#### Dataset entries

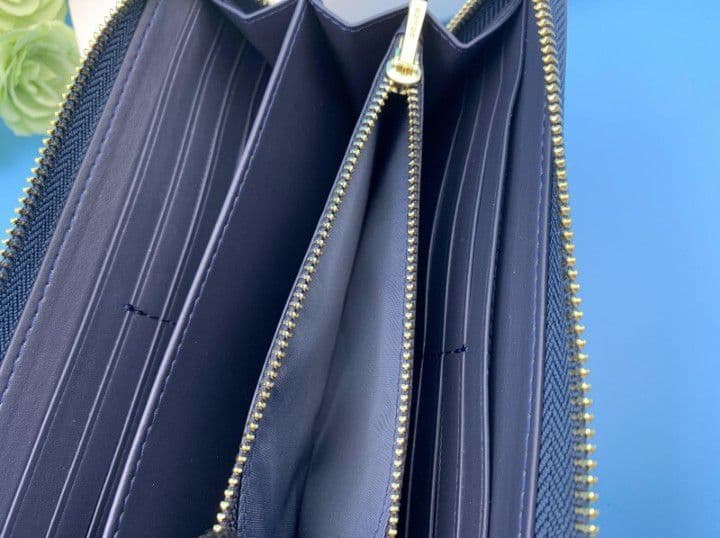 新品未使用コーチ長財布チェリーさくらんぼ柄ネイビーブルーレディースメンズ送料無料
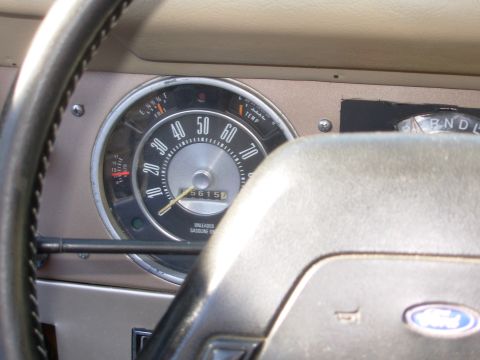 1975 Ford Bronco - Looks like the backplate I made is OK - the meter's face is visible.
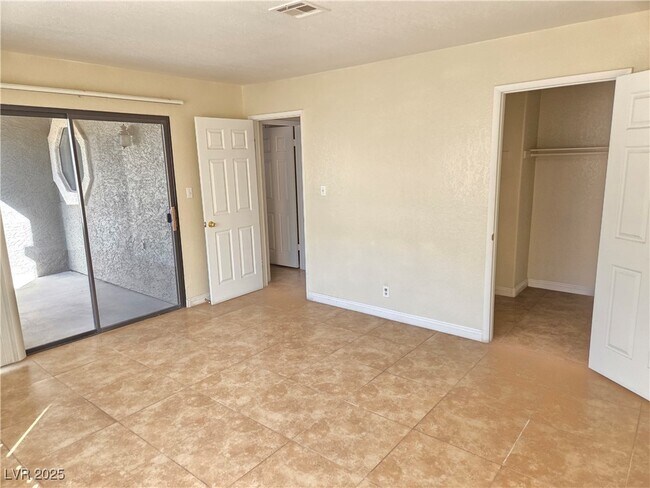 Building Photo - 5072 S Rainbow Blvd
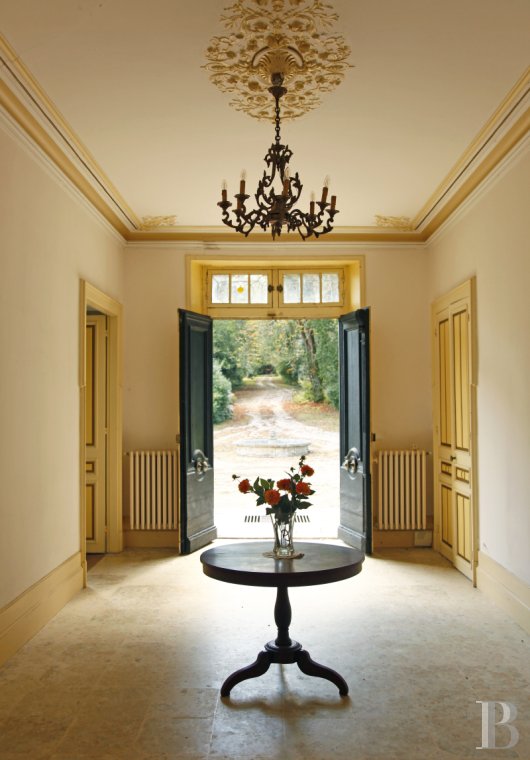 chateaux for sale France midi pyrenees   - 9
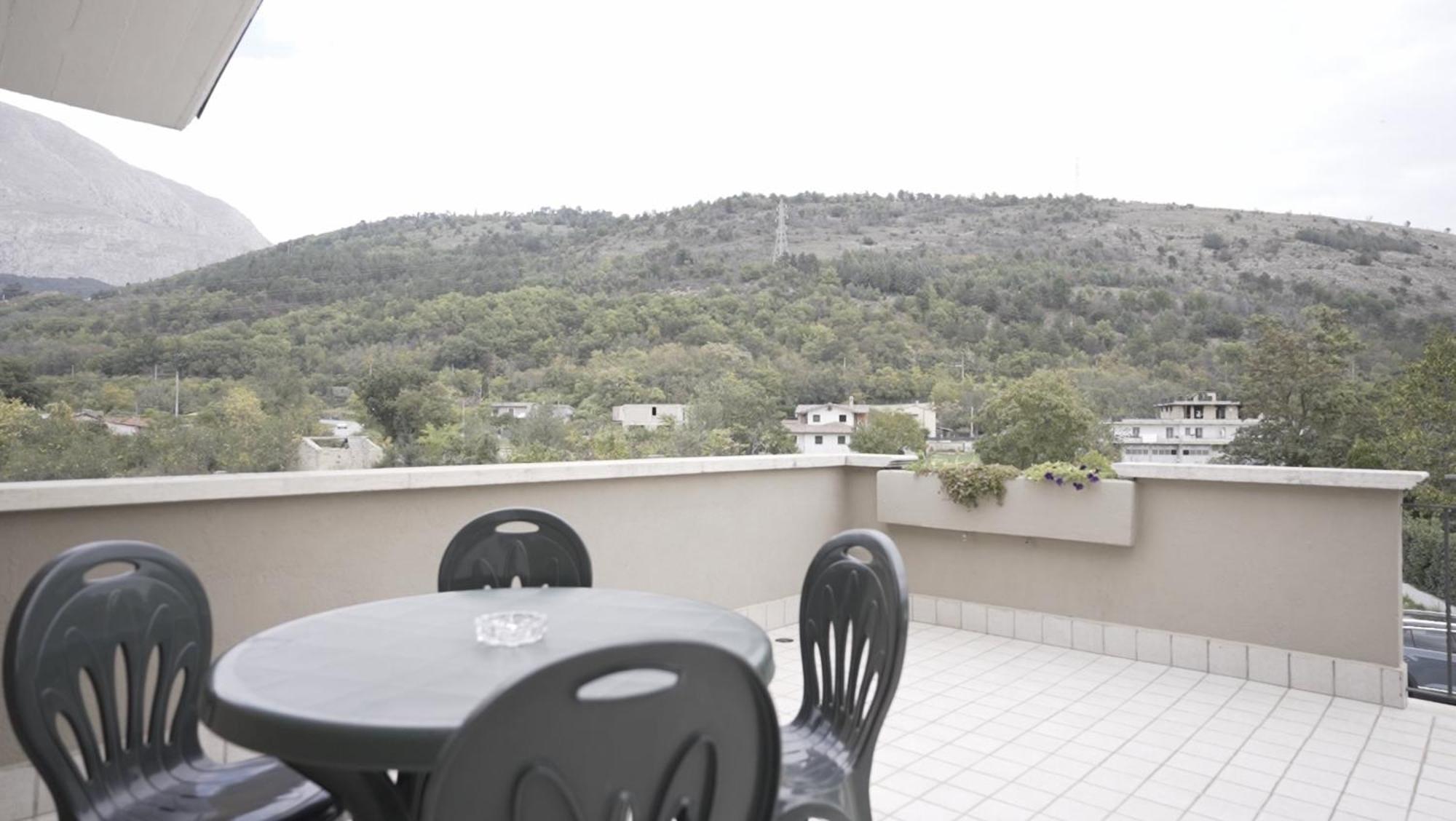 B&B Arco Dei Sogni Челано Екстер'єр фото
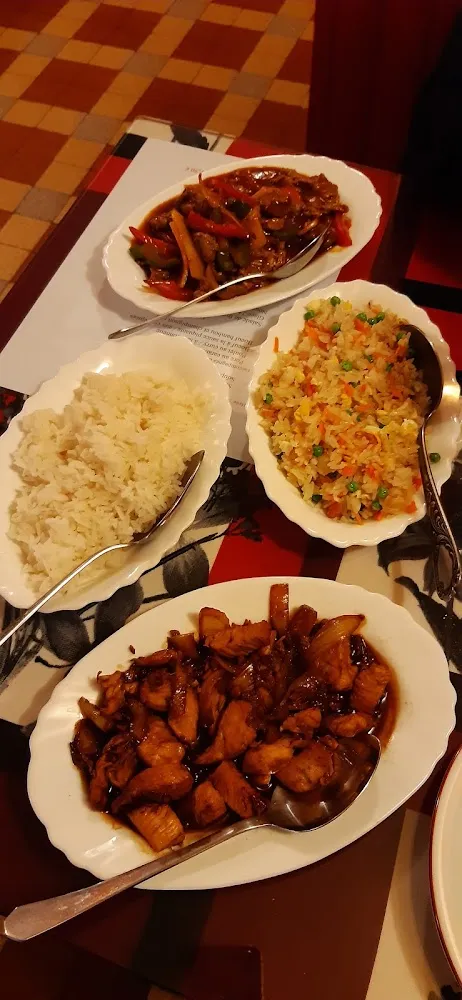 Poulet Au Gingembre Et Riz Cantonnais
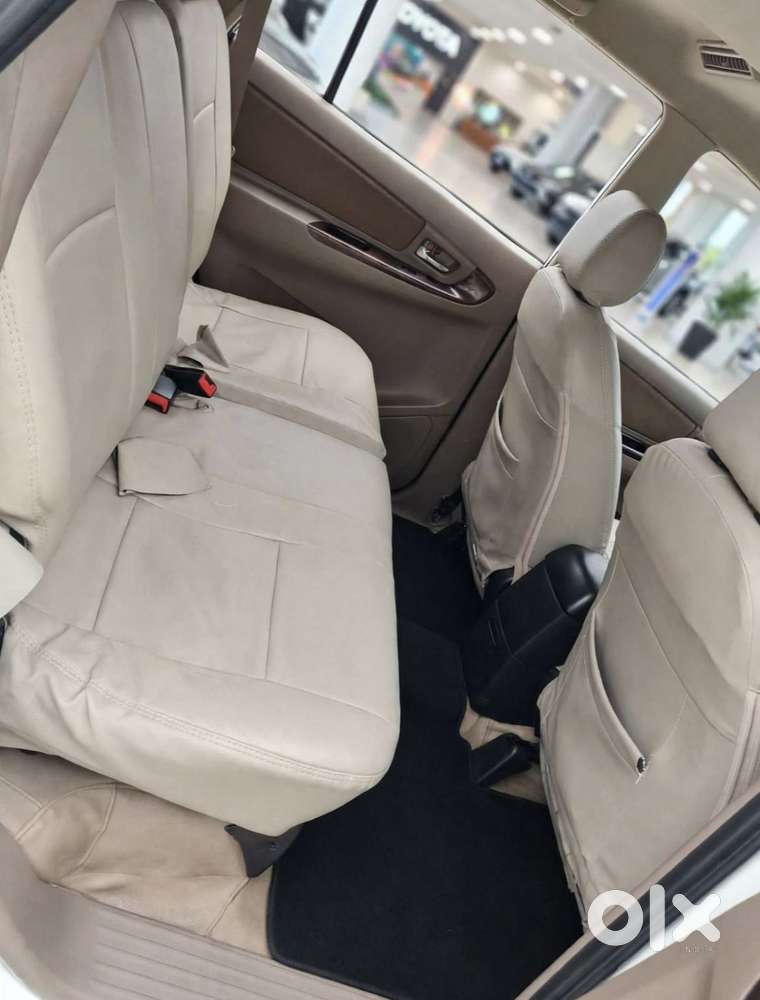 Toyota Innova 2.5 V 8 Str, 2016, Diesel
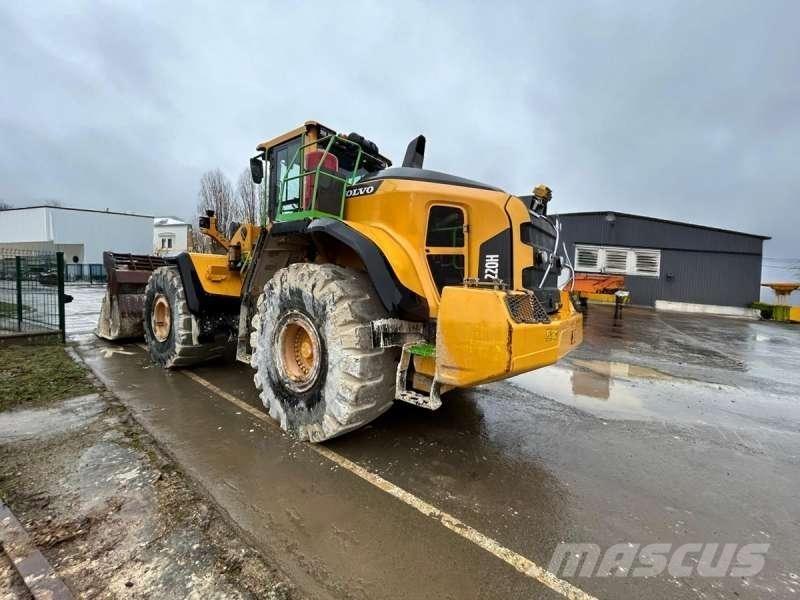 Volvo L220H Pale gommate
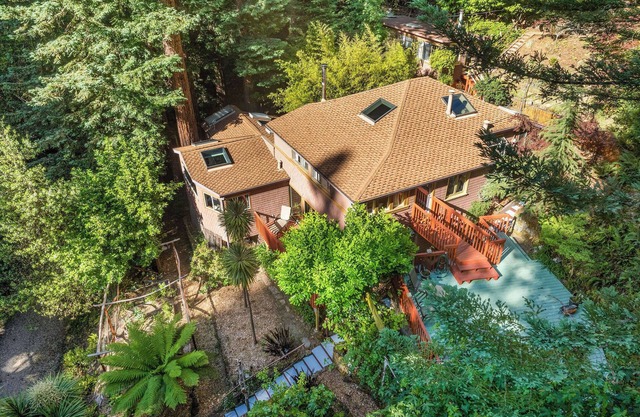 Relaxing redwood forest home with hot tub and sauna at Lagunitas Creek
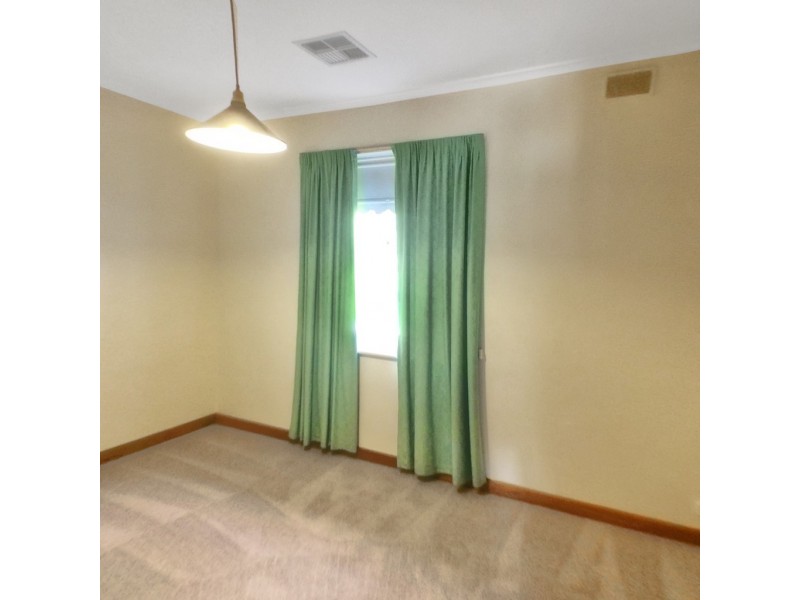 97 Daveys Road, Flagstaff Hill SA 5159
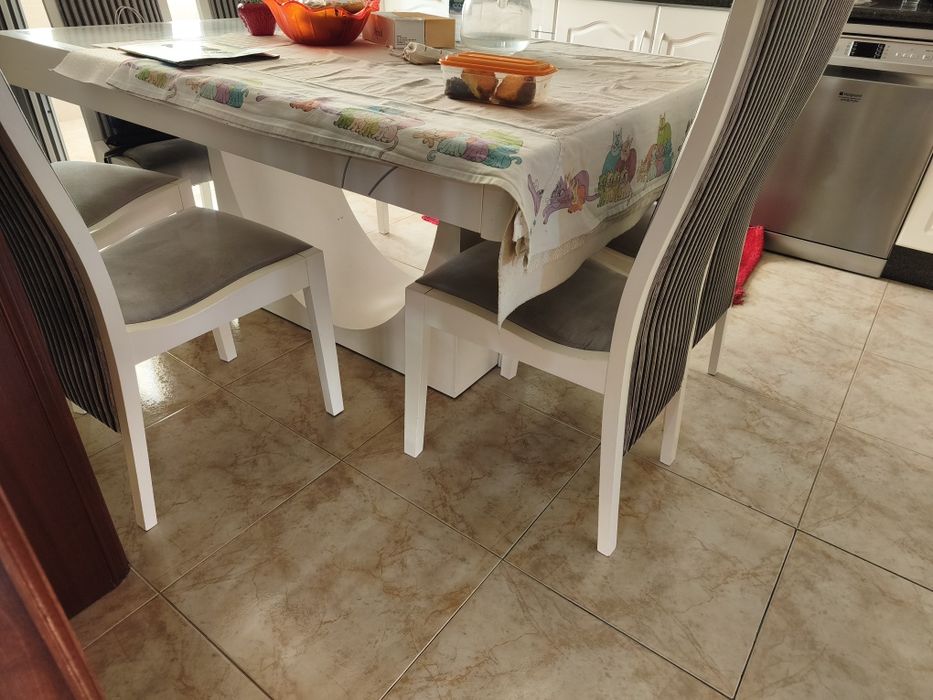 Mesa com base de vidro extensível e 6 cadeiras
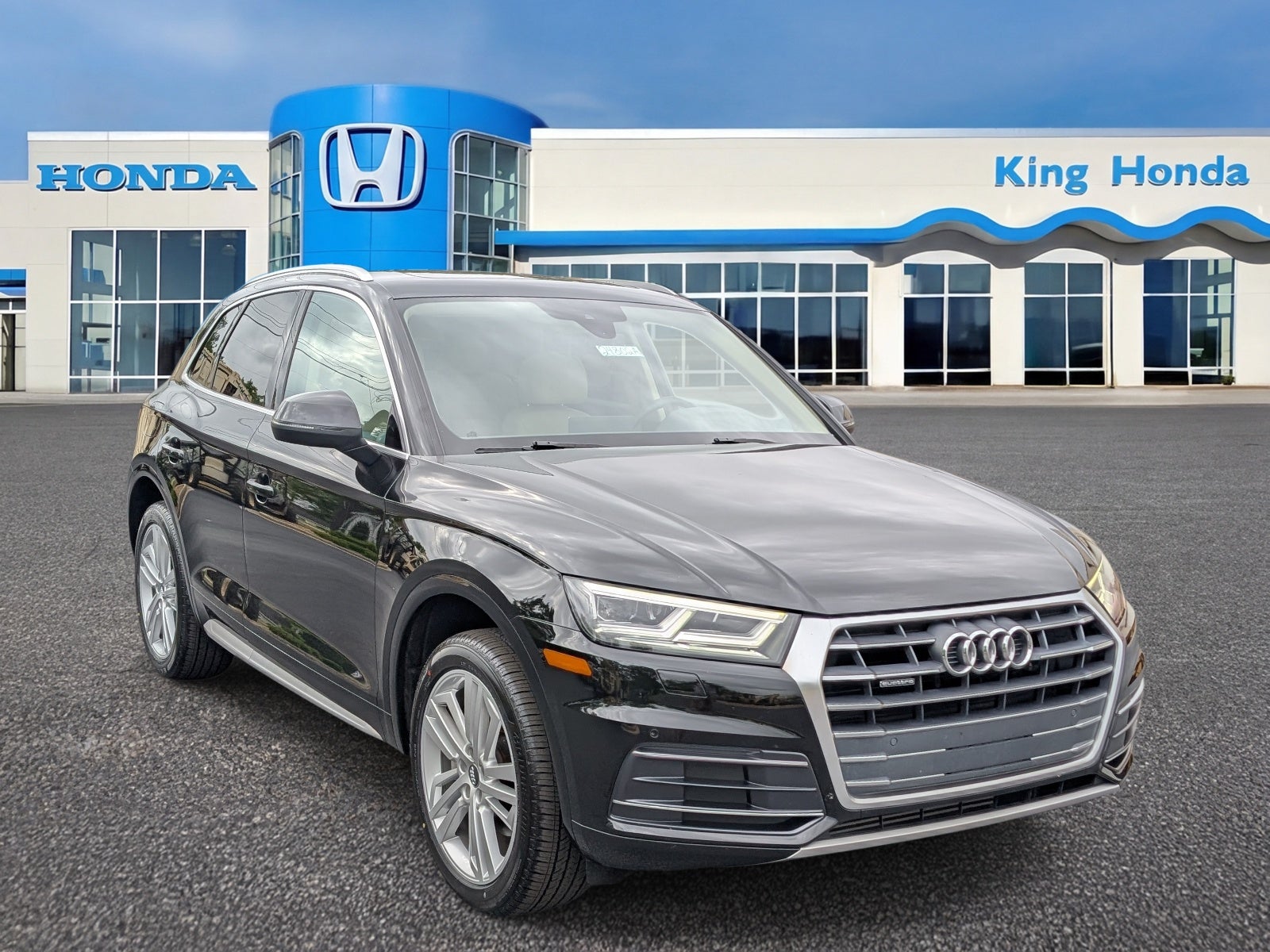 2018 Audi Q5 Premium Plus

#### Work required
In your reply, please set down exactly the lines from the one containing "Volvo L220H Pale gommate" through the end of the records, with the pictures left out.

#### Output
 Volvo L220H Pale gommate
 Relaxing redwood forest home with hot tub and sauna at Lagunitas Creek
 97 Daveys Road, Flagstaff Hill SA 5159
 Mesa com base de vidro extensível e 6 cadeiras
 2018 Audi Q5 Premium Plus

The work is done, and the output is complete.